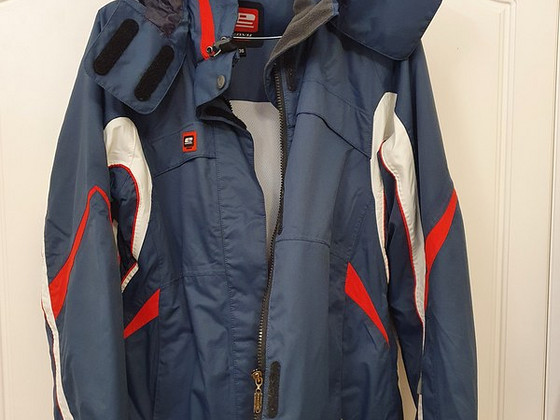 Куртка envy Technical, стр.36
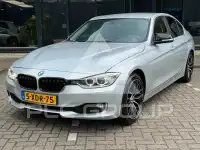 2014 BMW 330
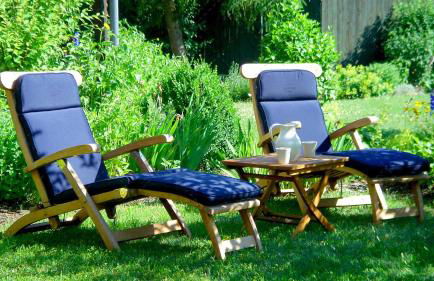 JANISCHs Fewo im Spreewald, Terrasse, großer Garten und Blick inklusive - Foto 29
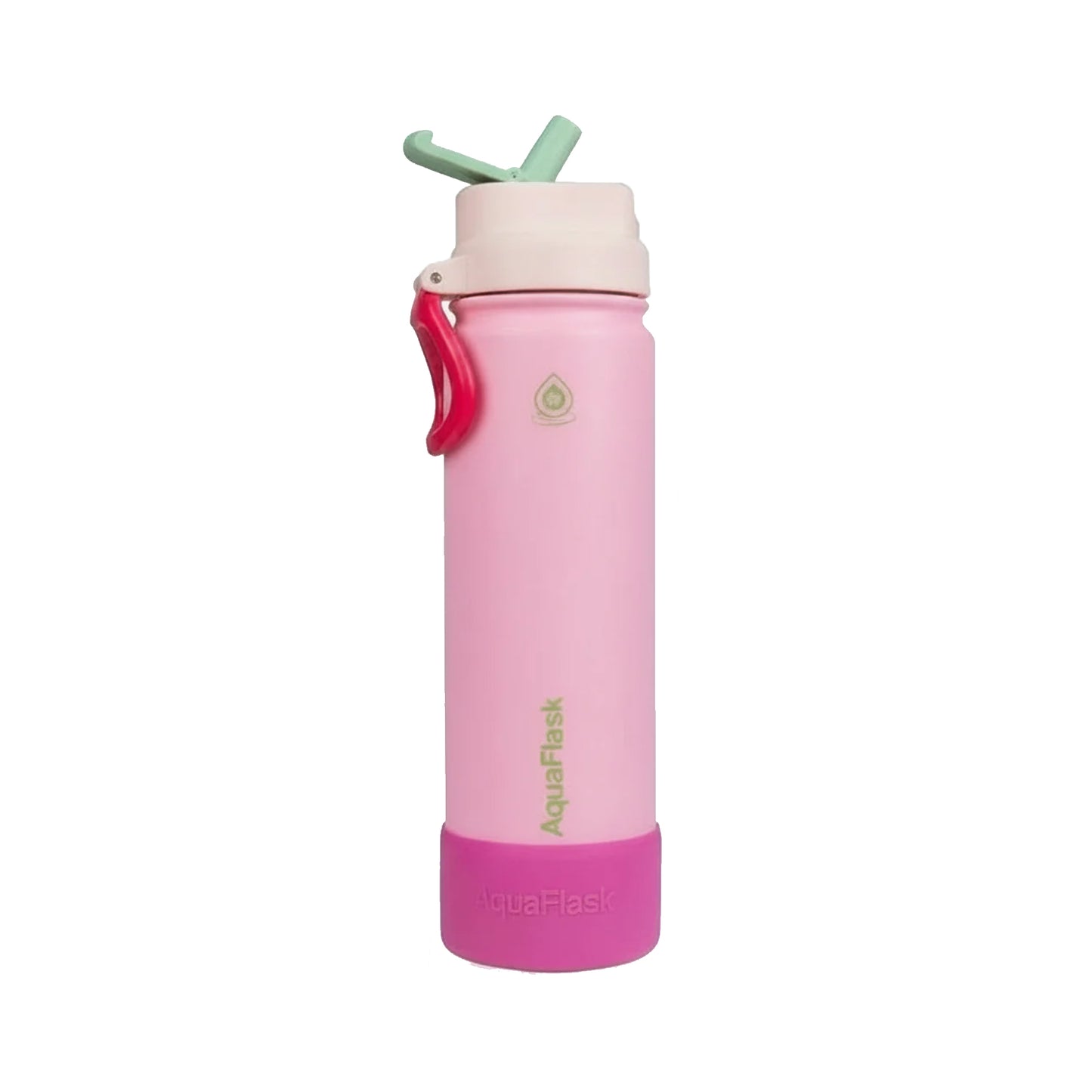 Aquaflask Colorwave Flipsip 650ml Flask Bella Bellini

——

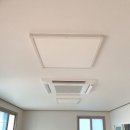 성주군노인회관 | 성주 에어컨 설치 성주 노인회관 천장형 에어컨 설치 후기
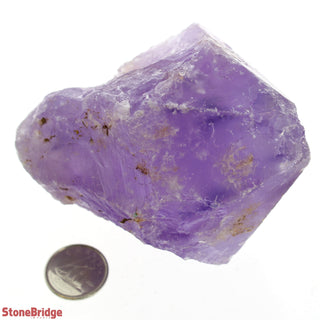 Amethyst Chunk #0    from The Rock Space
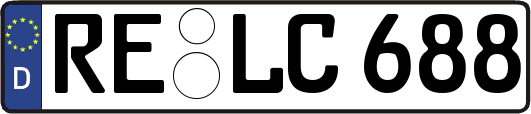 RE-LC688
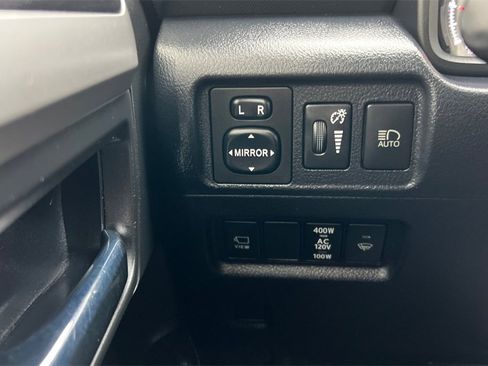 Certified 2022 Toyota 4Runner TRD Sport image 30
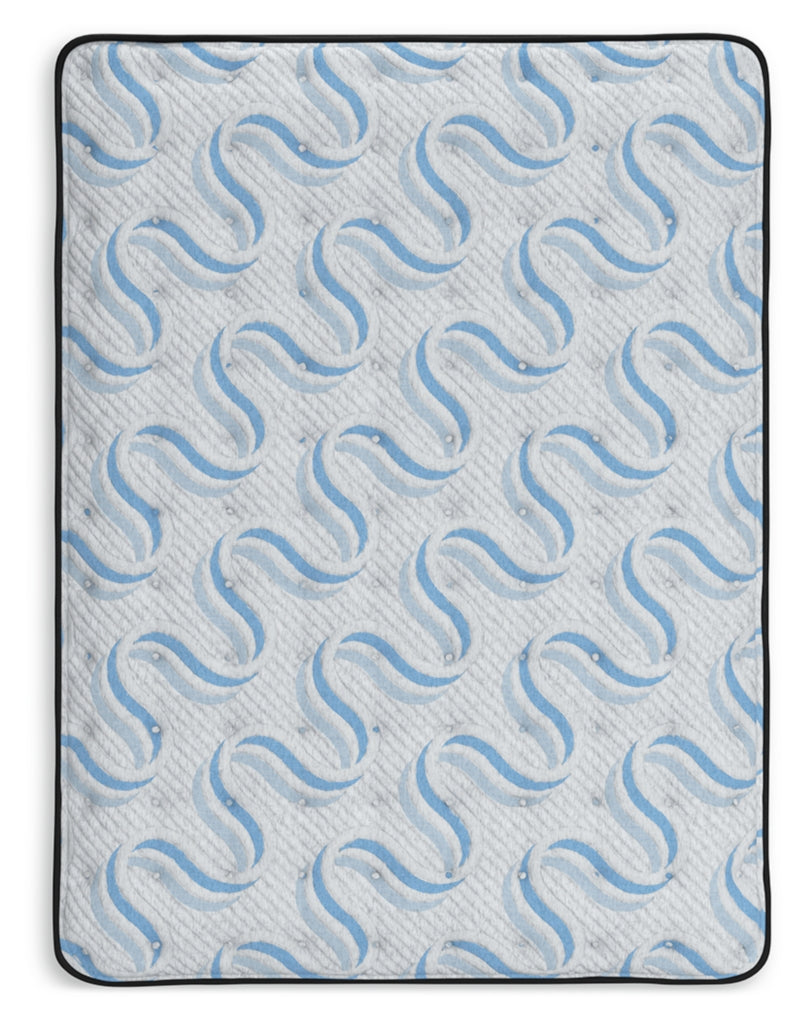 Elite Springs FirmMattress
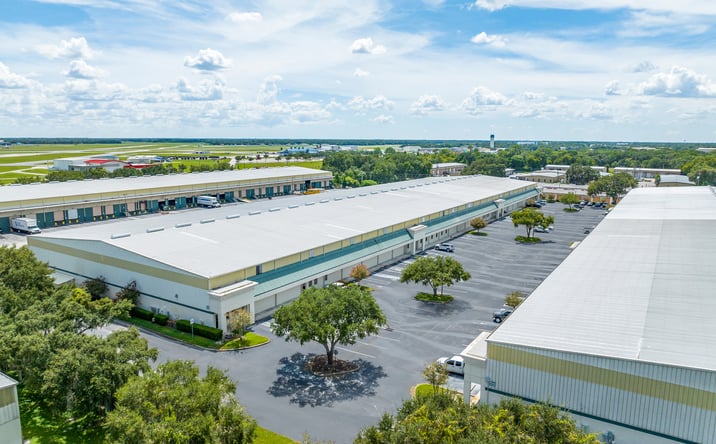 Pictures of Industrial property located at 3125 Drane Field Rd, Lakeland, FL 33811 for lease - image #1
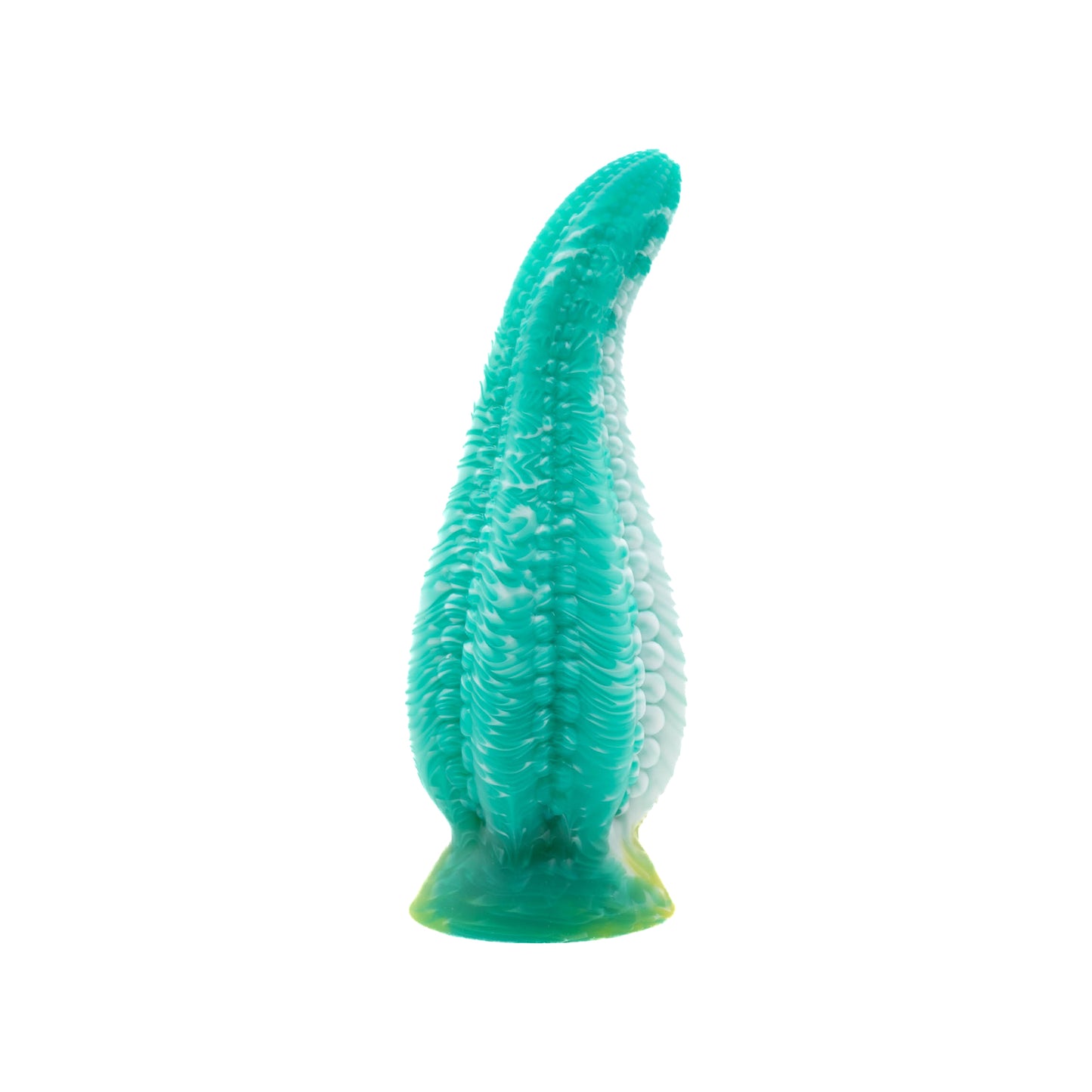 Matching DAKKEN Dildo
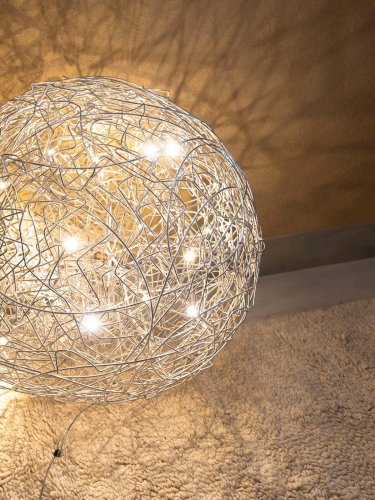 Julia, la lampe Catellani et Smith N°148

——

§ **Exercise details**:
Transcribe exactly the lines above, beginning at the one with "JANISCHs Fewo im" and going up to and including the one with "Aquaflask Colorwave Flipsip". Pictures do not belong in the copy.

§ **Response to the exercise**:
 JANISCHs Fewo im Spreewald, Terrasse, großer Garten und Blick inklusive - Foto 29
 Aquaflask Colorwave Flipsip 650ml Flask Bella Bellini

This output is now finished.